Parmi les invités figurait également Bronson, un groupe de punk rock romain qui affiche ses liens étroits avec l’organisation néo-fasciste italienne CasaPound, dont il arbore le drapeau sur scène lors de ses représentations. Les vidéos du groupe sont produites par Alta productions, dirigée par Davide Di Stefano, figure historique du mouvement et frère de Simone, ex-leader de Casa Pound et aujourd’hui à la tête du mouvement Exit, contre l’obligation de vacciner. . Parmi les autres invités figuraient Flatlander, nom de scène de Harm-Jan Smit, qui, selon le média d’investigation Bellingcat, s’est fait remarquer en 2020 pour avoir repris la chanson The Snow Fell, un classique de Skrewdriver écrit à la mémoire d’Adolf Hitler. .

Niveau de risque élevé

Les services de renseignement avaient averti que le festival pourrait attirer des sympathisants néonazis de toute l’Europe. « Le rapport que nous avons reçu de la police locale et du Threat Analysis Coordination Body indique que les groupes invités à se produire à la Frontnacht promeuvent des idées néo-nazies et néo-fascistes, ce qui est inacceptable pour une ville paisible comme Ypres », ont-ils déclaré au local. autorités politiques après la réunion, ajoutant qu’aucune décision ne pouvait être prise avant la réception du rapport. La décision a probablement aussi été motivée par des tensions politiques internes.

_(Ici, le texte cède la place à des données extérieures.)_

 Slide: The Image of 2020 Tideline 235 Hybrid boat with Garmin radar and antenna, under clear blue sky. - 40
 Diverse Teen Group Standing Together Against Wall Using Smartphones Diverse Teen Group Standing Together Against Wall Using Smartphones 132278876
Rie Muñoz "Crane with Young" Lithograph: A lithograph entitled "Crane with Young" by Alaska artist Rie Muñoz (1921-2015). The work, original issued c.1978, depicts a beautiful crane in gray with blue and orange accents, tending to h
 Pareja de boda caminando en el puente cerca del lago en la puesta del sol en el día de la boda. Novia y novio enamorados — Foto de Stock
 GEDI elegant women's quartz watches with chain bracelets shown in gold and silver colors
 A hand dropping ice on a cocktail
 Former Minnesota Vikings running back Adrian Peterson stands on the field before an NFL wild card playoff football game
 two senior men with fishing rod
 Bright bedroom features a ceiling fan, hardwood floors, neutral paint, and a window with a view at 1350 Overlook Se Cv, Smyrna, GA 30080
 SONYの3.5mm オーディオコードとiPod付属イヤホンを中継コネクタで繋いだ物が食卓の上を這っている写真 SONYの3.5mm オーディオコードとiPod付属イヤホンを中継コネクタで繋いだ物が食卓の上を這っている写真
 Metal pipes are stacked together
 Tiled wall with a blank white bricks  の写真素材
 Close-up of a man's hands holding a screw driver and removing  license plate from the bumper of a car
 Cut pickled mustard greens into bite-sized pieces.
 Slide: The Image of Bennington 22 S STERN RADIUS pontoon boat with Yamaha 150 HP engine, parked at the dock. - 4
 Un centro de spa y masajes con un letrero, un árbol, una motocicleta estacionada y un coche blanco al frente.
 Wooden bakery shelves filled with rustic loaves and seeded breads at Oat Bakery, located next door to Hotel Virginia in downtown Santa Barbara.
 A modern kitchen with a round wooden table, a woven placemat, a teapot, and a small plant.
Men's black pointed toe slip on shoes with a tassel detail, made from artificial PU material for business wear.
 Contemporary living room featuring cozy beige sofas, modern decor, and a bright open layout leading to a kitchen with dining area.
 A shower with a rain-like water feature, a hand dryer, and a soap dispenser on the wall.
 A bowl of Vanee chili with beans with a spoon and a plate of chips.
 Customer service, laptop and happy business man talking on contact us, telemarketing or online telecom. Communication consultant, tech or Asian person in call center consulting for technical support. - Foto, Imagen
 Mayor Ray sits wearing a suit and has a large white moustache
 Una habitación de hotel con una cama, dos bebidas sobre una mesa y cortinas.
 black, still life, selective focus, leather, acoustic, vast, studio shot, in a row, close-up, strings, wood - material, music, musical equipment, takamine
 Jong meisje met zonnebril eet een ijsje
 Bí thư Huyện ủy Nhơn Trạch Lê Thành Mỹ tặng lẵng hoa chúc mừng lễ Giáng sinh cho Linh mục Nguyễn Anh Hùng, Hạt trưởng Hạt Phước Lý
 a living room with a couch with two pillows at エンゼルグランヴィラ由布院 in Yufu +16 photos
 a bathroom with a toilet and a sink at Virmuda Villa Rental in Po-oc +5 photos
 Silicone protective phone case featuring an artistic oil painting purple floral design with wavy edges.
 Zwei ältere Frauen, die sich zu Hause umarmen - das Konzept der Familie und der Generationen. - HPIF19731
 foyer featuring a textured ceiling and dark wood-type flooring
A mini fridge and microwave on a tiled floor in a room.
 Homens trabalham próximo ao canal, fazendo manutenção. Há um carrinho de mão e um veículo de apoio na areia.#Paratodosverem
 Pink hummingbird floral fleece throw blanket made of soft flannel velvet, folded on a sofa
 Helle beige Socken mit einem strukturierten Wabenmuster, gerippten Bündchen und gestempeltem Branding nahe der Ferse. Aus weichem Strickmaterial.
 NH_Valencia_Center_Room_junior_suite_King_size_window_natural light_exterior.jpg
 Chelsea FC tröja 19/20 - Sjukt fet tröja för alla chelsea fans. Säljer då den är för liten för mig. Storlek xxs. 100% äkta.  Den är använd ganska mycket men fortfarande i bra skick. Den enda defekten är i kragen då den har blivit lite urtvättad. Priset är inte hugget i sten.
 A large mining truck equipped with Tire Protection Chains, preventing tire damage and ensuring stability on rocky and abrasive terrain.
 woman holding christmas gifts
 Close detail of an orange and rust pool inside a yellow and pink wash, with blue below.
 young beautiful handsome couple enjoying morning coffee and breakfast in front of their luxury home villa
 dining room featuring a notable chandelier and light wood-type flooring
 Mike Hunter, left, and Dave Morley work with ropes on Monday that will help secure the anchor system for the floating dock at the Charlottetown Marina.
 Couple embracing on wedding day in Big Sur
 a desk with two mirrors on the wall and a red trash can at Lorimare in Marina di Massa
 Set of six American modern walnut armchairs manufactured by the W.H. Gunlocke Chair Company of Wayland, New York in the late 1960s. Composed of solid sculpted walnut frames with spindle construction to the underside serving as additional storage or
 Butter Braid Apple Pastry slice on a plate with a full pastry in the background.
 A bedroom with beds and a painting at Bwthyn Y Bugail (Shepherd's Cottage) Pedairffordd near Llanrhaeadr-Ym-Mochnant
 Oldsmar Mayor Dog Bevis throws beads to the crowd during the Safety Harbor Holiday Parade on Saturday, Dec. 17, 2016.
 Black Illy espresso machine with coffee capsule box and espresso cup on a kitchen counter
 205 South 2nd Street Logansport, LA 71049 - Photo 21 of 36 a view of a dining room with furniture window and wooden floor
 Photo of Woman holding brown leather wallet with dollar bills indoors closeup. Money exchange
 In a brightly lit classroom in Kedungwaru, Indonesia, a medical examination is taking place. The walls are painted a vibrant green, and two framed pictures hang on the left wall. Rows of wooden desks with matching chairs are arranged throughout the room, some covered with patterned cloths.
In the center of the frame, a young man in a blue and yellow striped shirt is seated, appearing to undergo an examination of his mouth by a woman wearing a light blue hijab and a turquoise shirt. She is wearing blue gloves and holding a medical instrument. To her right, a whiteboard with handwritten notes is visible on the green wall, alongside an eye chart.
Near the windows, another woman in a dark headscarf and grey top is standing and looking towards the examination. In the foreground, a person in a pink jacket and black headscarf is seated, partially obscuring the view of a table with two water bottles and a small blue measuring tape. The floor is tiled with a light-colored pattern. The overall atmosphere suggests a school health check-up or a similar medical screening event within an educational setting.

En mai dernier, l’autorisation est venue de l’administration d’Ypres, gouvernée par une coalition de libéraux, de socialistes (Vooruit) et de la N-VA, le parti séparatiste de droite flamand. Aussitôt un collectif local fait circuler une pétition pour tenter d’annuler le festival, tandis que des représentants fédéraux des socialistes vooruit menacent de quitter la coalition si le festival est autorisé. La surveillance extrême est devenue l’une des priorités de la Sûreté de l’Etat en Belgique. L’autorisation d’organiser le festival a été retirée, mais il reste à voir comment réagiront les organisateurs. Le président d’IJzerwake, Wim De Wit, avait prévenu : « La ville d’Ypres devra payer les frais déjà engagés » en cas d’annulation.

Les origines

Le pèlerinage à la Tour de l’Yser trouve ses racines en 1920, alors qu’il était une cérémonie pacifiste, mais s’est rapidement transformé en rassemblement nationaliste. Au centre de la manifestation se trouvaient les demandes d’autonomie du mouvement flamand, depuis des années culturellement et linguistiquement réprimées par l’aile francophone belge. Avant la Seconde Guerre mondiale, l’événement était soutenu et renforcé par des formations flamandes d’extrême droite. La tour de l’Yser, considérée comme un symbole de la collaboration avec l’occupant nazi, a explosé clandestinement en 1946, très probablement par des résistants, mais a été reconstruite aux frais de l’État en 1950.

Avec l’approbation de diverses réformes de l’État, qui accordent à la Flandre de plus en plus d’autonomie et de droits, le pèlerinage perd de sa vigueur, rassemblant de moins en moins de monde. L’arrivée du parti Vlaams Blok (Bloc flamand, actif de 1974 à 2004) dans le paysage politique belge a cependant ravivé la mèche identitaire, créant cependant des tensions entre les différentes tendances du nationalisme. En 2003, l’aile la plus radicale, qui gravite autour du Vlaams Belang, se détache, créant l’IJzerwake (la veillée sur l’Yser) en opposition au « pèlerinage sur l’Yser » (IJzerbedevaart), qui avait récupéré les intentions pacifistes des origines.